# WHAT YOU SHOULD DO
When copying the listing below, skip every picture and keep each word as it stands.

(TASK DATA Opens)

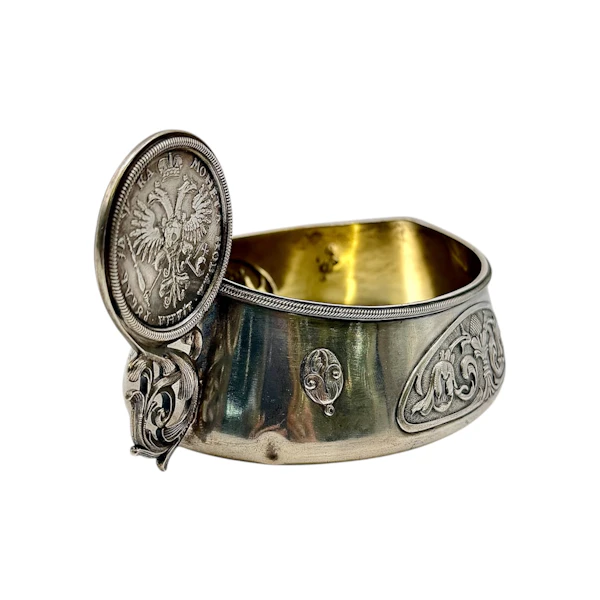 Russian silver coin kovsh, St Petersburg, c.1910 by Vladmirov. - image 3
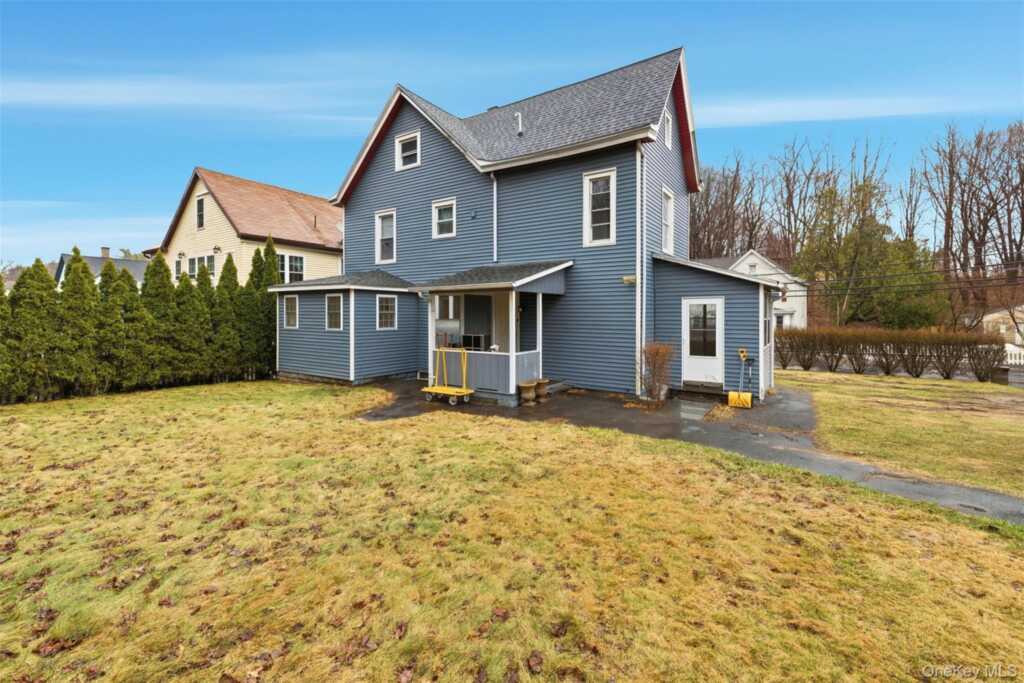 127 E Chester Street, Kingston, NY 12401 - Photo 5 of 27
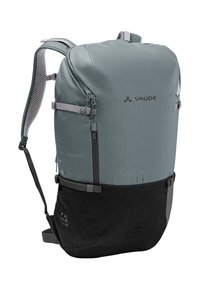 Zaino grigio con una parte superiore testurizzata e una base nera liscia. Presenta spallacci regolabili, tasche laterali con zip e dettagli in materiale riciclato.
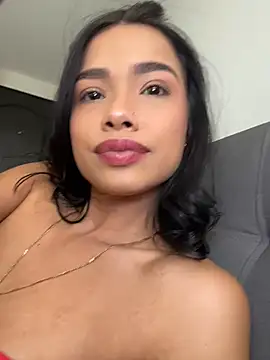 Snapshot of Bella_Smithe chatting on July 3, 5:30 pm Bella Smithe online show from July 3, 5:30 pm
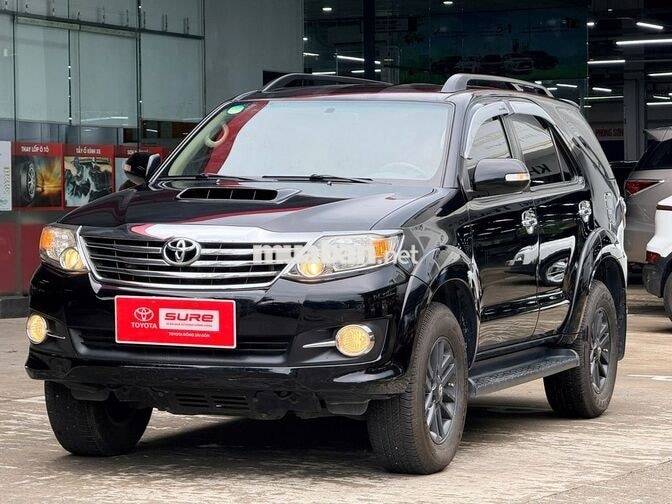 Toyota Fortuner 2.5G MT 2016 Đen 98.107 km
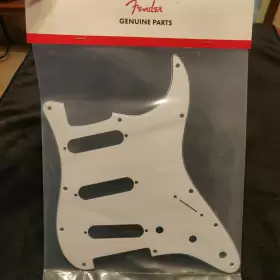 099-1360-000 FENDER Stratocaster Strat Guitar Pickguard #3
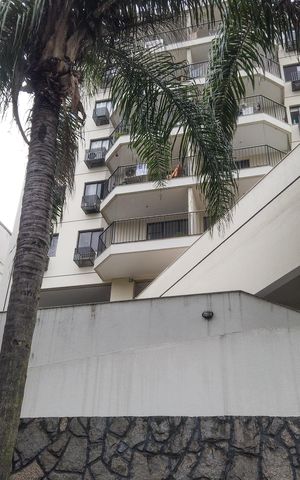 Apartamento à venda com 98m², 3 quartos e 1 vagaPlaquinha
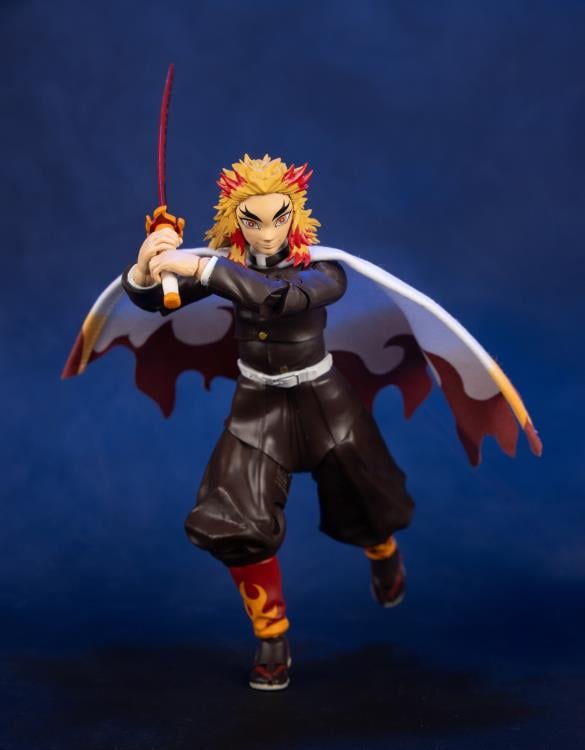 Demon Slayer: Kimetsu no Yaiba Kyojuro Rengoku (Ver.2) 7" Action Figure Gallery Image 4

(TASK DATA Closes)

# OUTPUT BELOW
 Russian silver coin kovsh, St Petersburg, c.1910 by Vladmirov. - image 3
 127 E Chester Street, Kingston, NY 12401 - Photo 5 of 27
 Zaino grigio con una parte superiore testurizzata e una base nera liscia. Presenta spallacci regolabili, tasche laterali con zip e dettagli in materiale riciclato.
 Snapshot of Bella_Smithe chatting on July 3, 5:30 pm Bella Smithe online show from July 3, 5:30 pm
 Toyota Fortuner 2.5G MT 2016 Đen 98.107 km
 099-1360-000 FENDER Stratocaster Strat Guitar Pickguard #3
 Apartamento à venda com 98m², 3 quartos e 1 vagaPlaquinha
 Demon Slayer: Kimetsu no Yaiba Kyojuro Rengoku (Ver.2) 7" Action Figure Gallery Image 4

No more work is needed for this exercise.